Kepala Seksi Pemadaman, Penyelamatan, dan Sarana Prasarana Satpol PP dan Damkar Kabupaten Blitar, Teddy Prasojo, mengatakan hingga akhir Juli pihaknya terus menerima laporan kebakaran dengan penyebab yang didominasi faktor kelalaian manusia.
“Hingga hari ini sudah ada 20 kejadian pemadaman yang kami tangani. Rata-rata penyebabnya adalah kelalaian manusia,” kata Teddy, Kamis (30/7/2026).
Teddy menjelaskan, kebakaran umumnya bermula dari aktivitas menyalakan api di sekitar kandang ternak maupun permukiman tanpa pengawasan hingga api merambat ke benda-benda yang mudah terbakar. Selain itu, penggunaan kompor, obat nyamuk bakar, dan berbagai sumber api lainnya juga berpotensi memicu kebakaran apabila tidak digunakan dengan hati-hati.

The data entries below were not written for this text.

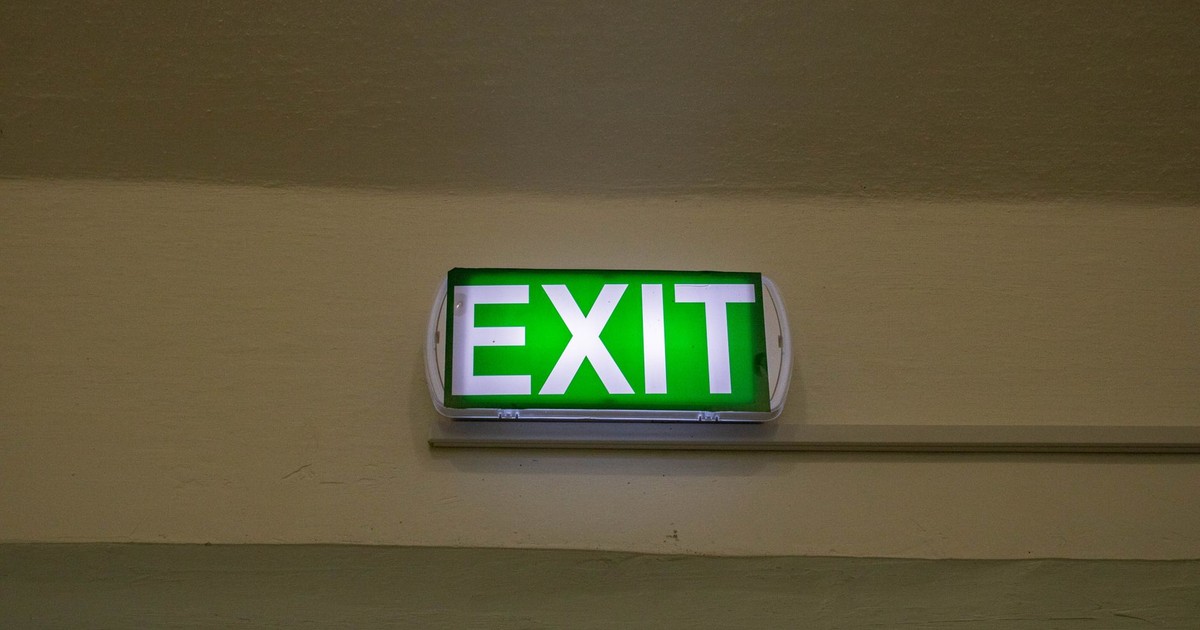 Bright green exit sign mounted on a hallway wall, offering clear direction for emergency evacuation.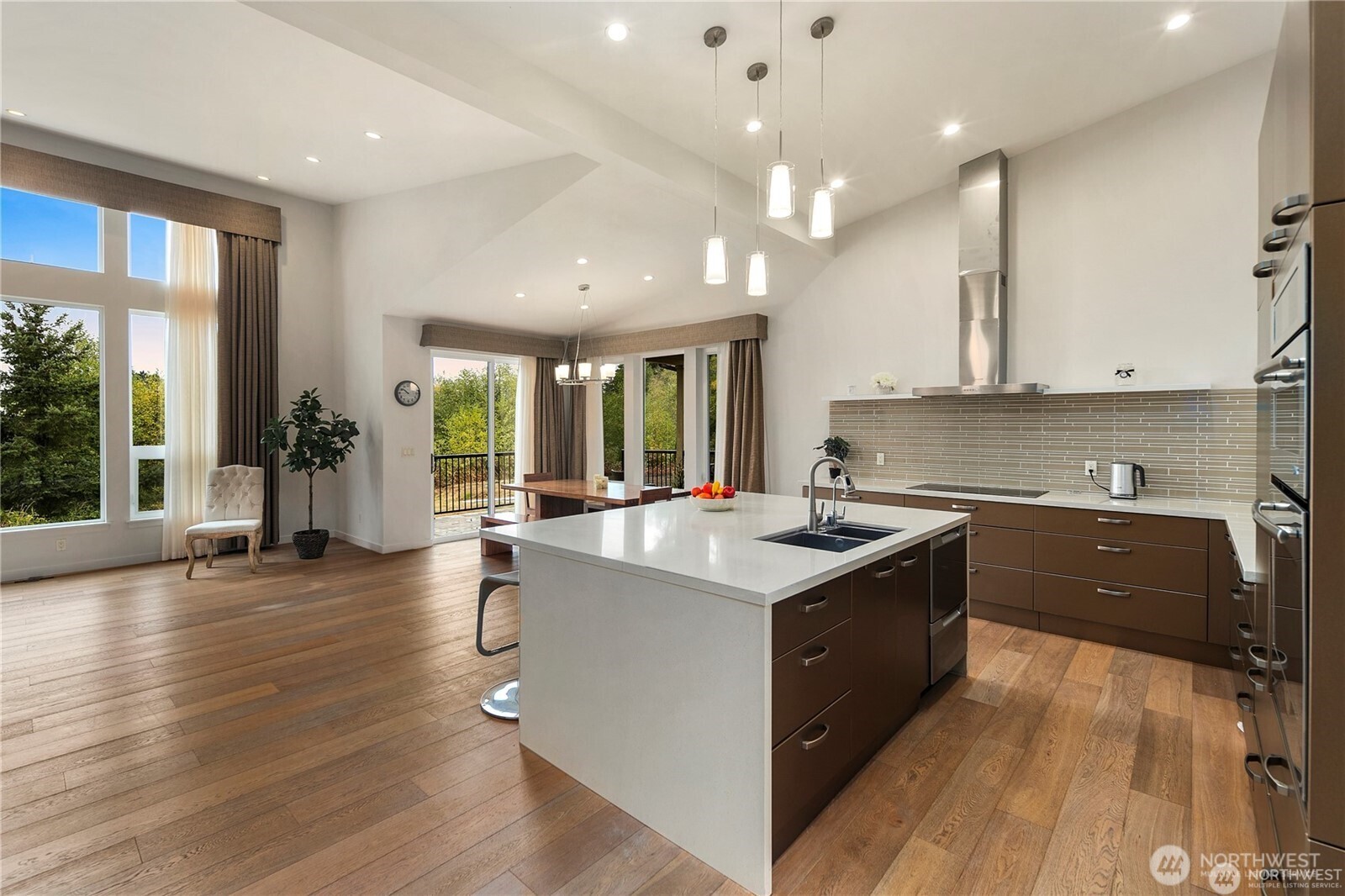 30404 28th Avenue Southwest Federal Way, WA 98023 - Photo 4 of 24 a kitchen with a sink stove and wooden cabinets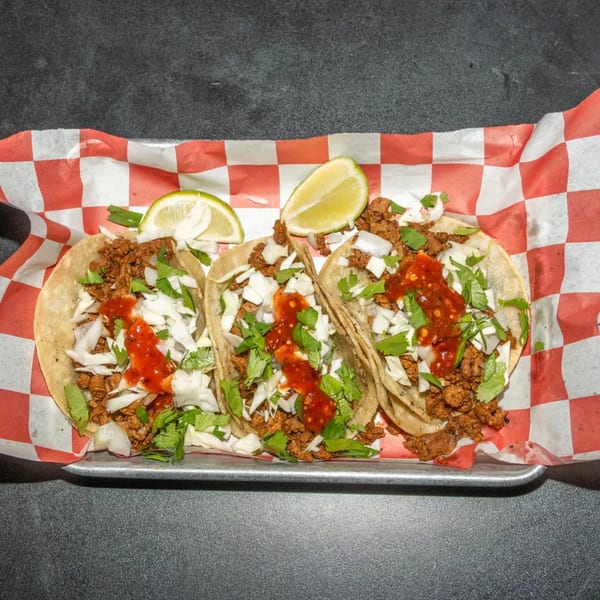 Three street tacos with meat, cabbage, cilantro, red sauce, and lime wedges on checkered paper.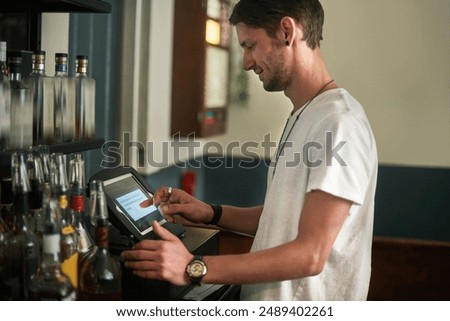 Young man, bartender and order with pos system for receipt, checkout or register in liquor store. Male person or happy barman working on tablet screen for service, payment or checking transaction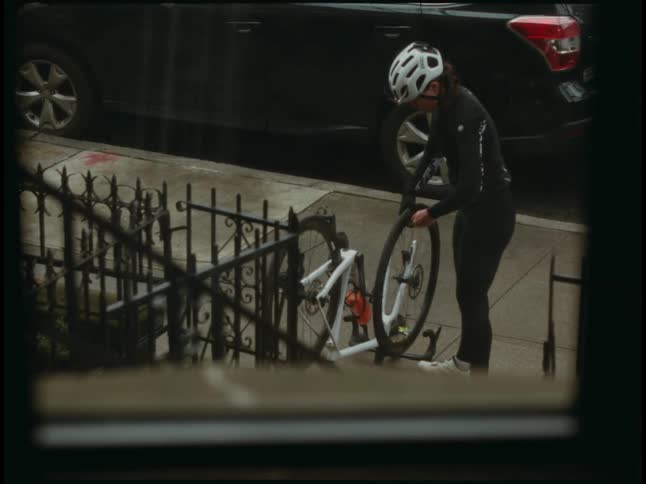Cyclists works on bicycle tire while standing on sidewalk near ironwork fence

Ia mengimbau masyarakat agar tidak meninggalkan api dalam keadaan menyala tanpa pengawasan, memastikan bara api benar-benar padam setelah digunakan, serta melakukan pemeriksaan instalasi listrik secara berkala di rumah maupun tempat usaha.
Menurut Teddy, meningkatnya kewaspadaan masyarakat menjadi langkah penting untuk mengurangi risiko kebakaran dan meminimalkan kerugian yang ditimbulkan akibat insiden serupa di Kabupaten Blitar.